Insurance has always been a data-driven business, from the old waybills recorded on papyrus under the Code of Hammurabi to the charters of the first property insurers after the Great Fire of London. What has changed in today’s insurance world is the speed, volume and variety with which data arrives and accumulates. Insurers determined to become a true data-driven business have realized that nothing less than their future depends on it.

Data modernization has been a top business priority for most insurers for several years. Macroeconomic trends such as rising customer experience expectations, demographic shifts among potential insurance buyers, the disruptive rise of insurtech, and a focus on digital transformation have converged to increase pressure on the insurance sector to improve its data set. To that end, many insurers have invested heavily in new data architectures, models, platforms, and the talent needed to implement and manage modernization efforts. So why does the industry always seem to be lagging behind when it comes to building real data-driven businesses?

Drowning in data
One of the biggest issues that insurers continue to face is the rapid proliferation of data. Every activity in the insurance value chain – marketing, sales, policy and claims management, actuarial and finance – creates data, and lots of it. This is especially true for traditional insurers who have accumulated huge amounts of data spanning decades or even centuries of business. Finding the right data in the right place at the right time, and presenting it in a consumable format, can be a daunting task for many insurer IT divisions. However, the lost opportunity costs of not taking advantage of these untapped data resources far outweigh the effort and expense involved in creating an effective data management program.

As decades of experience in creating and implementing data strategies have demonstrated, the first steps on the path to data modernization can be difficult. For many insurers, this first step may have less to do with the actual data and more to do with identifying the strategic use cases needed to demonstrate the value of a good data management program. Insurers must decide what information is most critical to current and future strategic goals and business operations, even if the data does not exist in their current data stores. This can be difficult for insurers who overstate existing data and processes. Employing structured thinking combined with hands-on experience in data modernization – internal and external – is important to envision a desired future where the strategic use of data supports strategic planning, proactive decision-making, and business processing. effective and efficient. The end result is a roadmap to guide an insurer to market success and profitability.

Turning Data into Opportunity
The whole point of becoming a data-driven business is to ensure that data drives value for an insurer and its key stakeholders. For customers, this value means better product choices and a better customer experience across touchpoints such as marketing, purchasing, complaints and billing. For agents, this value means better product training, better underwriting, and better relationship management. And for the insurer, that value means better customer and agent insights, market and financial forecasts, and strategic and operational performance.

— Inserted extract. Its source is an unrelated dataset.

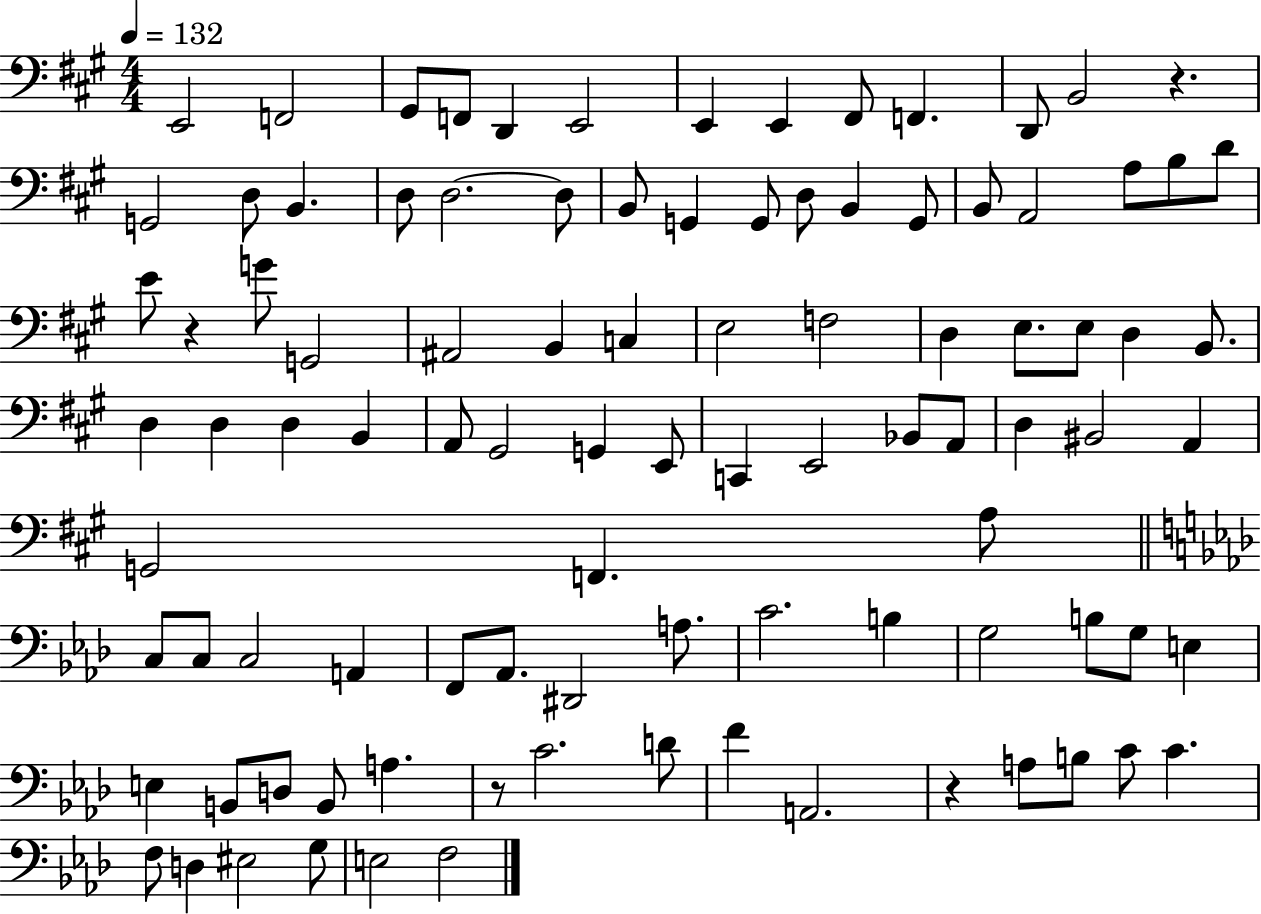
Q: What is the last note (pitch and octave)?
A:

Specifically, data-driven transformation requires an enterprise-level commitment to the priorities, investments, and resources needed for success. It’s an enterprise-focused effort that uses technologies and platforms to create the foundation for data modernization. It is a structured and cohesive effort as opposed to siled solutions and fragmented goals. Insurers who have been successful with their data modernization programs have used an iterative approach that uses proof-of-concept projects to test new ideas and approaches and scale them, if successful.

Insurers transitioning to a data-driven business have created architectures and analytical platforms that leverage large amounts of existing unstructured data. They recognize that new data analytics goldmines will include videos, social media posts, photos, presentations and voice recordings, and that insurers will need to have the tools and talent to transform unstructured data into meaningful information for business decision making. .

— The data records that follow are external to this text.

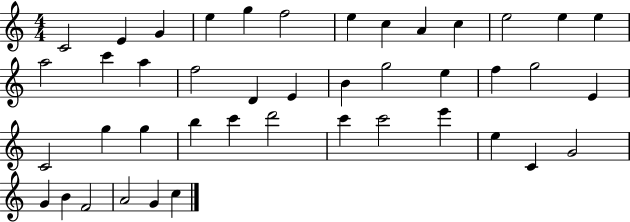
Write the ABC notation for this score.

X:1
T:Untitled
M:4/4
L:1/4
K:C
C2 E G e g f2 e c A c e2 e e a2 c' a f2 D E B g2 e f g2 E C2 g g b c' d'2 c' c'2 e' e C G2 G B F2 A2 G c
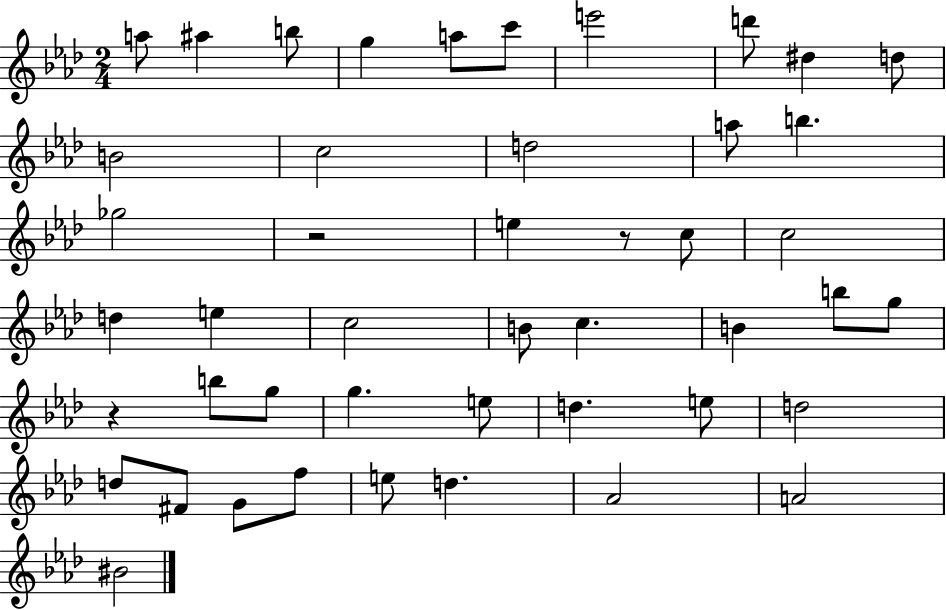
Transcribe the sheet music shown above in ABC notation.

X:1
T:Untitled
M:2/4
L:1/4
K:Ab
a/2 ^a b/2 g a/2 c'/2 e'2 d'/2 ^d d/2 B2 c2 d2 a/2 b _g2 z2 e z/2 c/2 c2 d e c2 B/2 c B b/2 g/2 z b/2 g/2 g e/2 d e/2 d2 d/2 ^F/2 G/2 f/2 e/2 d _A2 A2 ^B2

The future started yesterday
The race to become a data-driven business has already begun in the insurance industry. Some insurers are leveraging hybrid cloud infrastructures to meet regulatory data requirements while providing increased data storage and analytical processing capacity. Others are creating new data architectures to support the creation of data lakes, which can be used to diversify the data available for analysis and decision-making and support machine learning and AI initiatives.

However, the insurance industry lags behind several other verticals – including finance, retail and manufacturing – in using data to create new market opportunities and meet expectations in ever-changing customers. The industry also has work to do in the areas of data governance and security. As data-driven decision-making increases, insurers must continue to build consumer confidence in their ability to responsibly manage private information. Unfortunately, consumer trust only lasts until the latest data breach. It is therefore essential that insurers and the industry make the necessary investments to secure their data.

Strategy + Execution = Success
Strategy is only as good as execution, and to become a data-driven business, insurers must take it one step at a time. Defining what a data-driven future looks like, in terms of business processes and revenue growth, is a good place to start. Once a vision is established, the insurer can create the data architectures needed to achieve the future state. Then they can start implementing the necessary data infrastructure, including hybrid cloud data stores; analytical tools for internal and external, structured and unstructured data sources; and machine learning and AI platforms to process and present actionable data for informed decision-making.

Of course, this process is the ideal scenario. To succeed, it is important that insurers continue to prioritize investments in data modernization and the talent needed to implement, maintain and scale new data and analytics platforms. Emphasis should be placed on business problem use cases that improve data access and quality capabilities while providing learning opportunities for future data efforts.